Work task:
Omit the pictures. Print each entry below exactly.

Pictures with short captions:
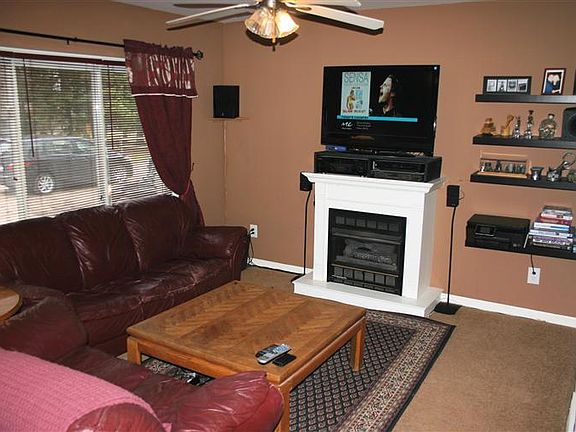 3rd image of 8866 Garfield Dr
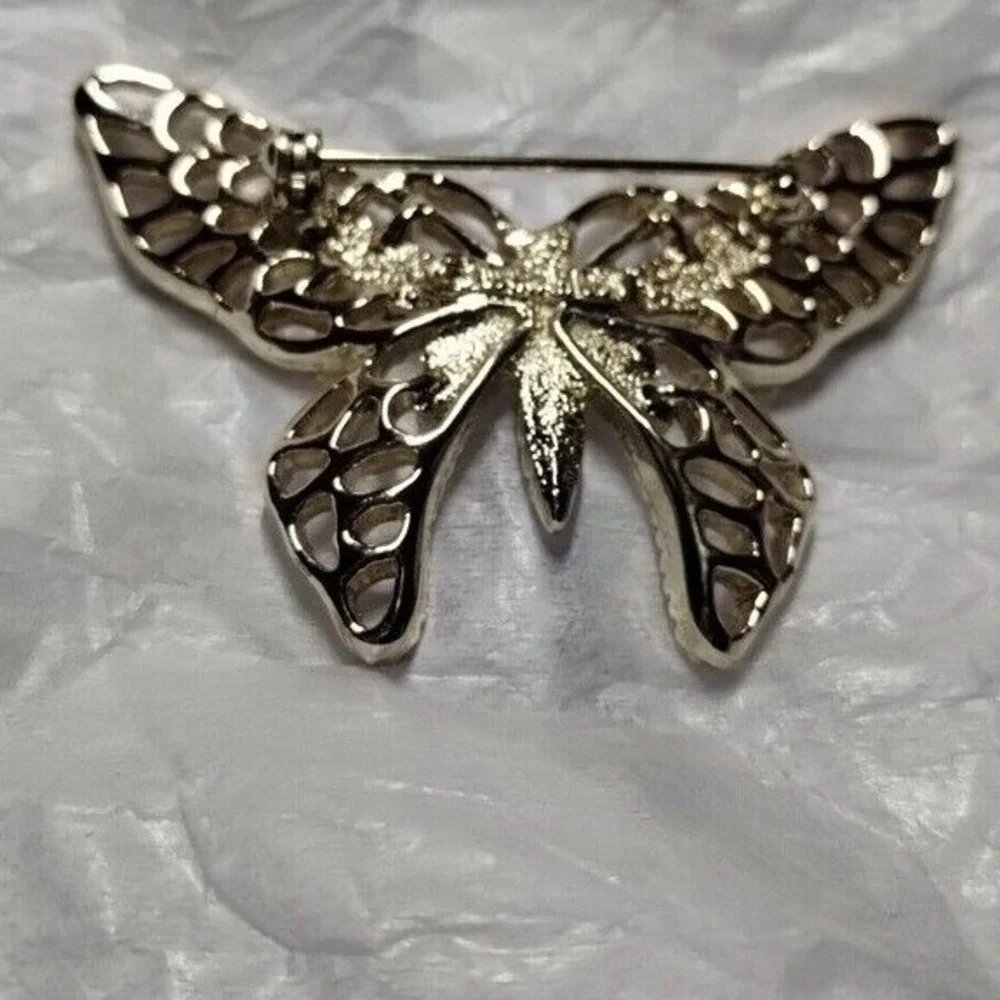 Sarabah Butterfly Brooch Pin Gold Tone Openwork Design Vintage Costume Jewelry‎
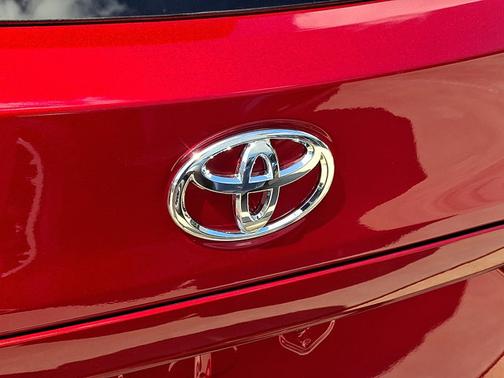 2025 Toyota Corolla Cross LE
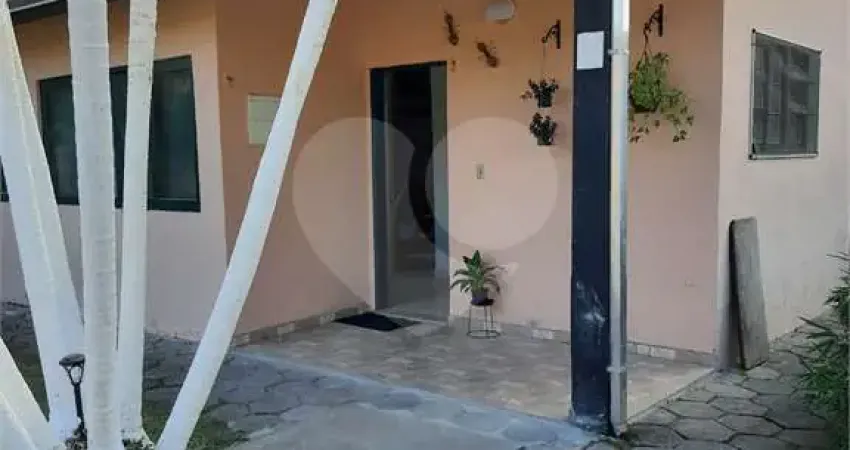 Casa em condomínio fechado à venda na Ipiranga, Jardim Casa Branca, Caraguatatuba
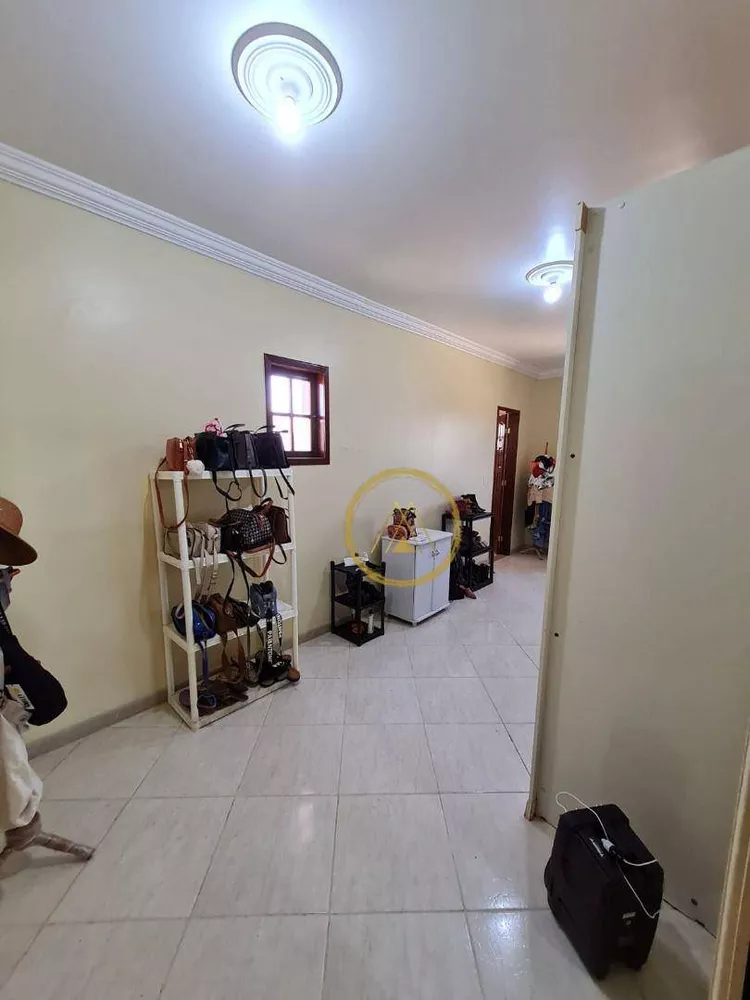 Casa, 4 quartos, 220 m² - Foto 3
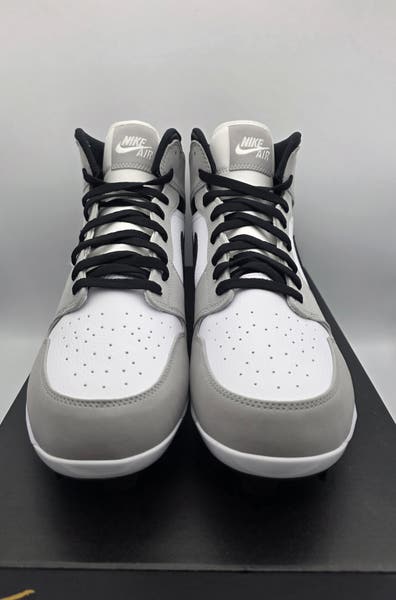 Nike Jordan 1 Retro MCS Light Smoke Grey Black White AV5354-012 Men\'s Size 12.5 Buy Air Jordan 1 Retro MCS  main image 2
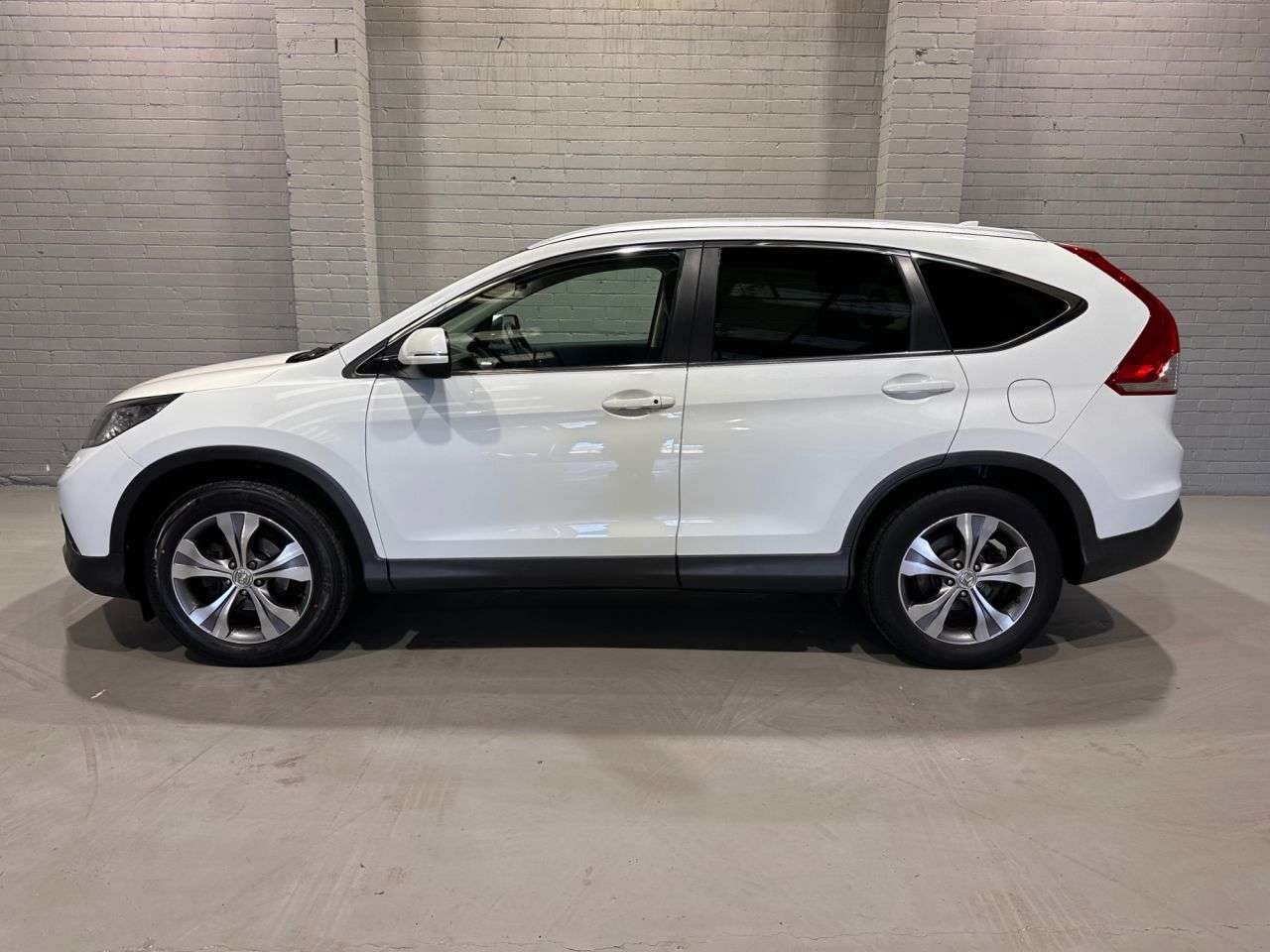 A 2013 HONDA CR-V 2.0 i-VTEC EX SUV 5dr Petrol Auto 4WD Euro 5 (155 ps) A 2013 HONDA CR-V 2.0 i-VTEC EX SUV 5dr Petrol Auto 4WD Euro 5 (155 ps)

Exercise response:
 3rd image of 8866 Garfield Dr
 Sarabah Butterfly Brooch Pin Gold Tone Openwork Design Vintage Costume Jewelry‎
 2025 Toyota Corolla Cross LE
 Casa em condomínio fechado à venda na Ipiranga, Jardim Casa Branca, Caraguatatuba
 Casa, 4 quartos, 220 m² - Foto 3
 Nike Jordan 1 Retro MCS Light Smoke Grey Black White AV5354-012 Men\'s Size 12.5 Buy Air Jordan 1 Retro MCS  main image 2
 A 2013 HONDA CR-V 2.0 i-VTEC EX SUV 5dr Petrol Auto 4WD Euro 5 (155 ps) A 2013 HONDA CR-V 2.0 i-VTEC EX SUV 5dr Petrol Auto 4WD Euro 5 (155 ps)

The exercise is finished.